WHAT TO WORK ON
The expected output is the line with "Bijoux d'outil d'or" followed by every remaining line of the entries, all repeated exactly.

[[ PROVIDED RECORDS open ]]

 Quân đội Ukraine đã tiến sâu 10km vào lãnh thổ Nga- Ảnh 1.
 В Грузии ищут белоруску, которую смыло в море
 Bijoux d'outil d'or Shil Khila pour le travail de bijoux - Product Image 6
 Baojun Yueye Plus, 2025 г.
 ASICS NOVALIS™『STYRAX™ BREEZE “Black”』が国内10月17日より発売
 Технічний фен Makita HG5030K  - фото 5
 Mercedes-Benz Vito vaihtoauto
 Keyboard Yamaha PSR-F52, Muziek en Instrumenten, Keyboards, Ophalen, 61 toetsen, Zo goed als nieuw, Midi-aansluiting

[[ PROVIDED RECORDS closed ]]

OUTPUT FOR THIS TASK
 Bijoux d'outil d'or Shil Khila pour le travail de bijoux - Product Image 6
 Baojun Yueye Plus, 2025 г.
 ASICS NOVALIS™『STYRAX™ BREEZE “Black”』が国内10月17日より発売
 Технічний фен Makita HG5030K  - фото 5
 Mercedes-Benz Vito vaihtoauto
 Keyboard Yamaha PSR-F52, Muziek en Instrumenten, Keyboards, Ophalen, 61 toetsen, Zo goed als nieuw, Midi-aansluiting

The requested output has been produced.